Whenever a picture appears, leave it out while repeating all the other data exactly.
*** Opening of DATA EXCERPT ***
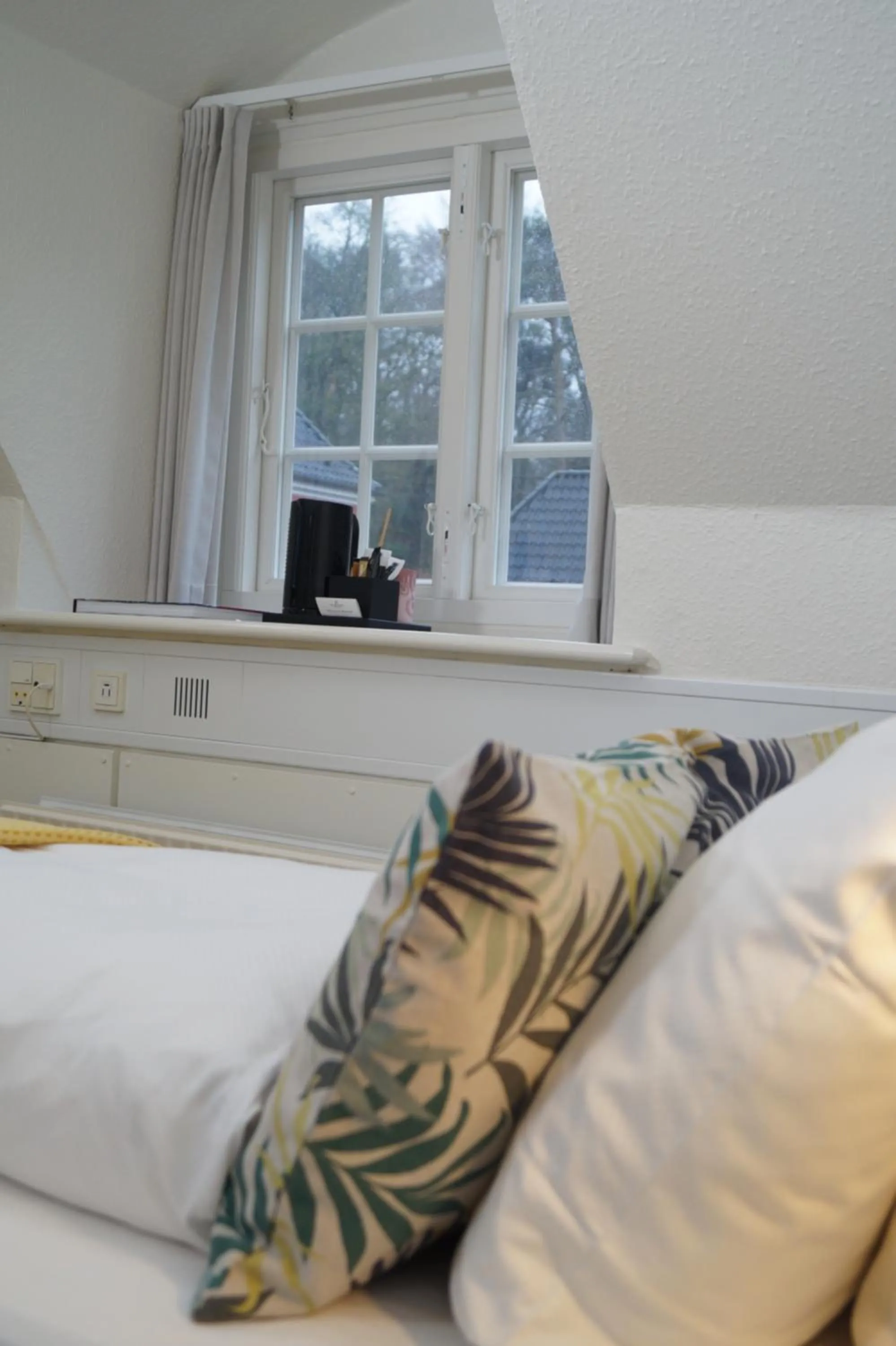 Decorative detail, Bed in Skarrildhus Sinatur Hotel & Konference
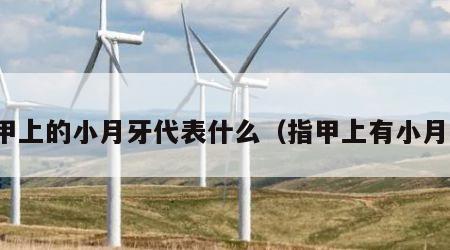 指甲上的小月牙代表什么（指甲上有小月牙）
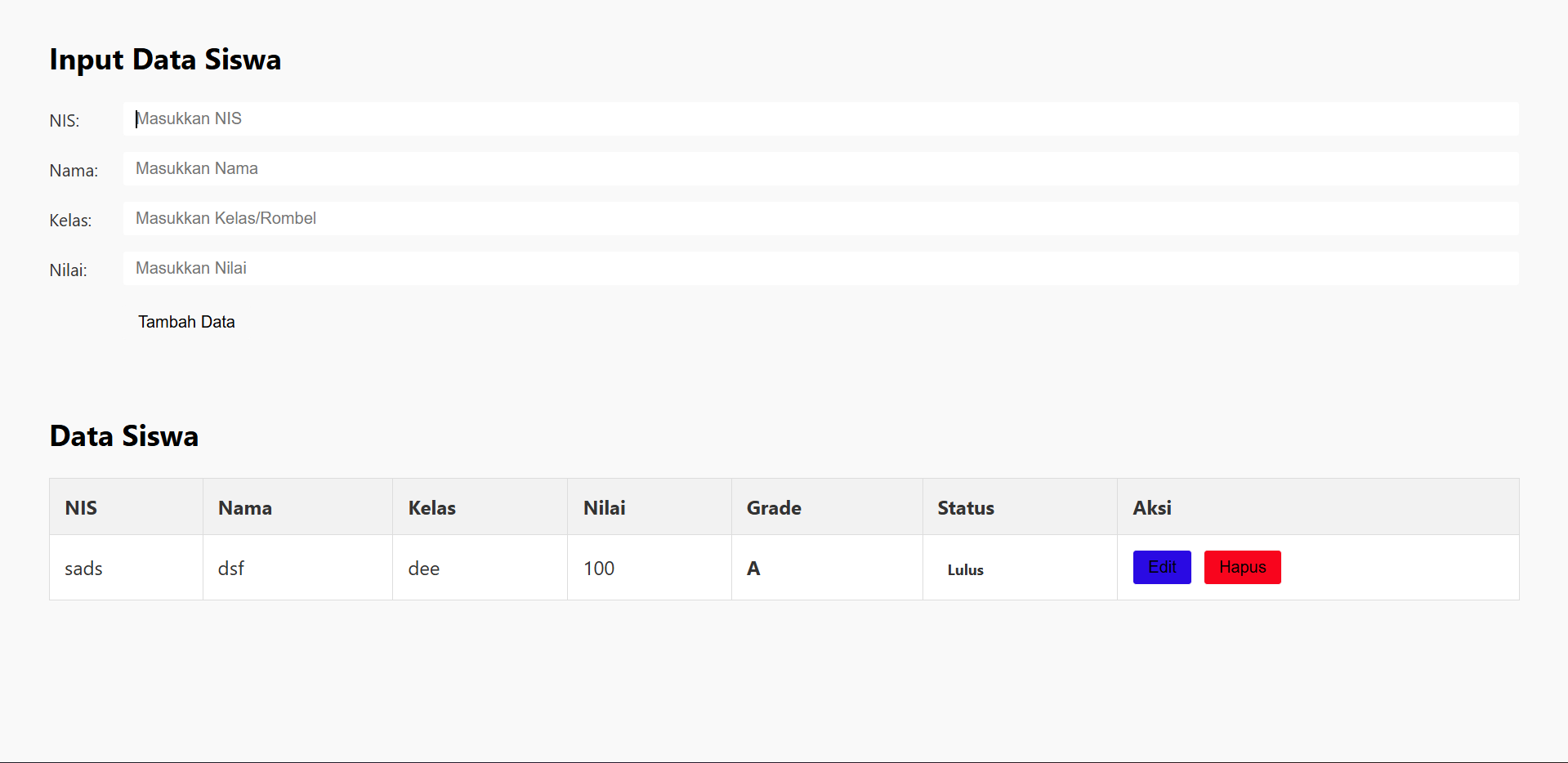 CRUD Bersama Bu duma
*** Close of DATA EXCERPT ***
**RESULT OF THIS TASK**:
 Decorative detail, Bed in Skarrildhus Sinatur Hotel & Konference
 指甲上的小月牙代表什么（指甲上有小月牙）
 CRUD Bersama Bu duma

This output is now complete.